First let me start with my setup and the mods I had to do to get this far.
I'm running a Dell M1000e with currently 2 M600 blades with dual quad core 3.16Ghz procs and 4gigs of ram each. Since it's a blade server lots of the components are virtual or assigned. Like KB, Mouse, I don't have any HDDS at all my plan is to connect a SAN or NAS to the master once I'm ready. The Nics are BNX2 which needs the firmware-bnx2 pkg to work. Adding this to the master was fairly easy, I first added it to the list of pkgs, but since by default live-helper only access the main branch and not the contrib or non-free and the firmware pkg is non-free I had to figure out how to add those, which I find out was adding.
<lh_config --categories "main contrib non-free">
after <lh_config -a "$ARCHITECTURE"> in both the master and the node setup in the make script.
That then got the master booting and I could run setup_pelican, once that was done I was able to test boot the node, it found the PXE and booted, but was missing the bnx2 firmware, this took me much longer to figure out, but I added a second list of pkgs to include for nodes and got that solved. I used the same form as for the master so it's configurable at the top and I'd like to contribute these back if anyone wants.
Now the node finds the nic and starts to load, but it stops and I let it sit over night, it's not locked up ctrl-alt-del still works but it won't fulling boot either. I have a screen shot of where it's sitting which I'll include if I figure out how but here is the text it's sitting at just incase I can't attach.

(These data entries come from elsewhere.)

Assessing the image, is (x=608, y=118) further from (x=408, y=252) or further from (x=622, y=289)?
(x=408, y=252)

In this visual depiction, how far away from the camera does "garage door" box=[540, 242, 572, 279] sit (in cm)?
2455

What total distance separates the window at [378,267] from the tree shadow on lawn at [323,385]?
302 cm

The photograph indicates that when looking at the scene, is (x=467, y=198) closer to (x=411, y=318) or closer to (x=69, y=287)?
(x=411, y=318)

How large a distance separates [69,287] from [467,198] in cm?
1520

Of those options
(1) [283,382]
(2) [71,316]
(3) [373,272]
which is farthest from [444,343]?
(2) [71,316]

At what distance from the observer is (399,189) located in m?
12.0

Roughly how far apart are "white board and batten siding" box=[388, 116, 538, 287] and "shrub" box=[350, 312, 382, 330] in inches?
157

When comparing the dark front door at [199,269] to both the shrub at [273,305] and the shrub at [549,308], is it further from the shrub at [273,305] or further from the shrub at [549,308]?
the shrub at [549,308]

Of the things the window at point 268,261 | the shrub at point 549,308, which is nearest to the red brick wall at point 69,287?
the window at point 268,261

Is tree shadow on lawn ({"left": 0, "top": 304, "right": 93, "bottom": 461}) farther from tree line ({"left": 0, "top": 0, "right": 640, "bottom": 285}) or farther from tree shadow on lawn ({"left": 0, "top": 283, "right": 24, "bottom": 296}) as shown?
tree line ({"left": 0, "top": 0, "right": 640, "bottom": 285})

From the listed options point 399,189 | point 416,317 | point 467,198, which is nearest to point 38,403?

Driver 'sd' needs updating - please use bus_type methods
sd 1:0:0:0: [sda] Attached SCSI removable disk
Driver 'sr' needs updating - please use bus_type methods
sr0: scsi-1 drive
Uniform CD-ROM driver Revision: 3.20
sd 1:0:0:0: Attached scsi generic sg0 type 0
sr 0:0:0:0: Attached scsi generic sg1 type 5
Remember I have no CD-Rom, no HDD, no USB drive, no floppies, nothing but CPUs and Ram on these blades, the master is booting from a USB CD-Rom.
So my question is since the master and the node are 100% the same hardware why would one fully boot and the other won't where can I debug or find the differences in the boot process? I really need to get the cluster up ASAP so any info or leads would help very much, Once i have this working I'm going to work on auto launching setup_pelican on the master and have nodes auto join and I"ll be sending that back upstream, but I need a node first ;)
p_49.jpg